As confidence began to return this year, Citi took the lead in reopening the markets for Russian firms. The bank led Credit Bank of Moscow’s €500 million benchmark bond in February, the first from a Russian private-sector borrower since the April sanctions, and in mid March it reopened the Russian equity capital markets with a secondary offering of R36.2 billion ($573 million) of Norilsk Nickel stock.
Other landmark capital markets transactions during the awards period included IPOs for the Port of Tallinn, Slovenian lender NLB and Turkish retailer Sok Marketler, the largest from the jurisdiction since 2008. Citi also secured mandates on 44 Eurobond issues with a total allocated value of $8.4 billion, according to Dealogic, including Kazmunaigas’s $3.25 billion deal and EP Infrastructure’s €750 million market debut.
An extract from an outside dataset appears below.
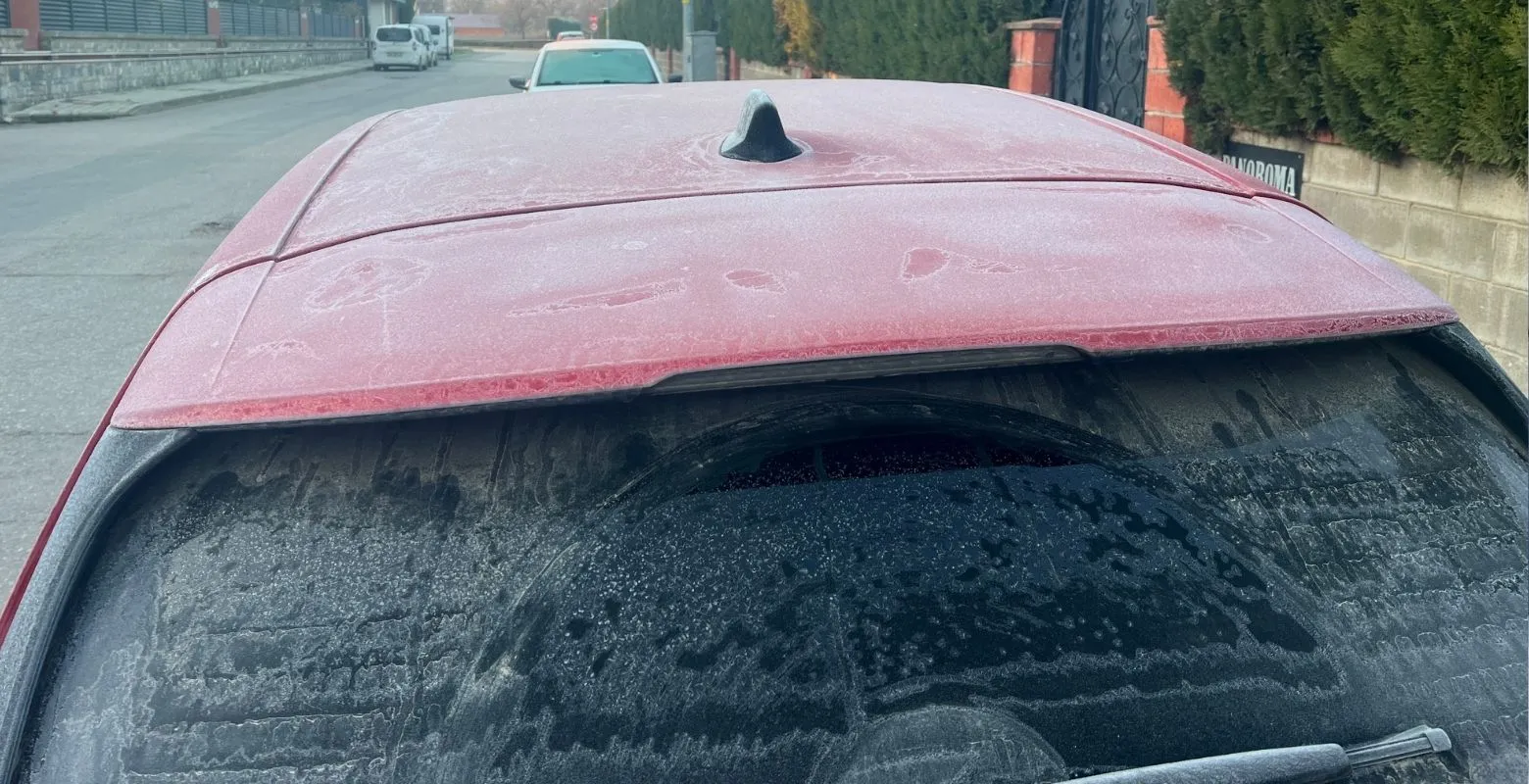 İnegöl'de araçlar buz tuttu!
Citi’s dominance across the full spectrum of investment banking products also reflects the integration of the firm’s global banking, capital markets and advisory businesses last summer.
“We now have seamless collaboration in everything from acquisition finance and corporate banking to leverage capital markets and advisory,” says Giatrakos. “This gives us an edge when it comes to complex transactions.”
It also helps Citi maintain an edge at times of market volatility, adds Marzena Fick, head of CEE DCM.
“We now all work together on funding across credit classes for issuers,” she says. “From our desk we talk to all the sovereigns, all the financial institutions and all the corporates in the region.
“That gives us very good visibility of what’s going on in local markets and we can therefore adapt quickly to changing environments.”
A willingness to put balance sheet to work in CEE – albeit selectively – also differentiates Citi from international rivals.
“We tend not to lead with balance sheet, partly because our risk appetite has changed and partly because there is ample liquidity in most markets in CEE today,” says Mtibelishvily. “We use it strategically, where it’s important for the client and for ourselves that we provide capital.”
Giatrakos agrees that balance sheet is no longer key to securing investment banking mandates in CEE. “Clients in the region are increasingly sophisticated and have access to ample liquidity,” he says. “These days they award their investment banking business on merit. It is no longer just about lending relationships.”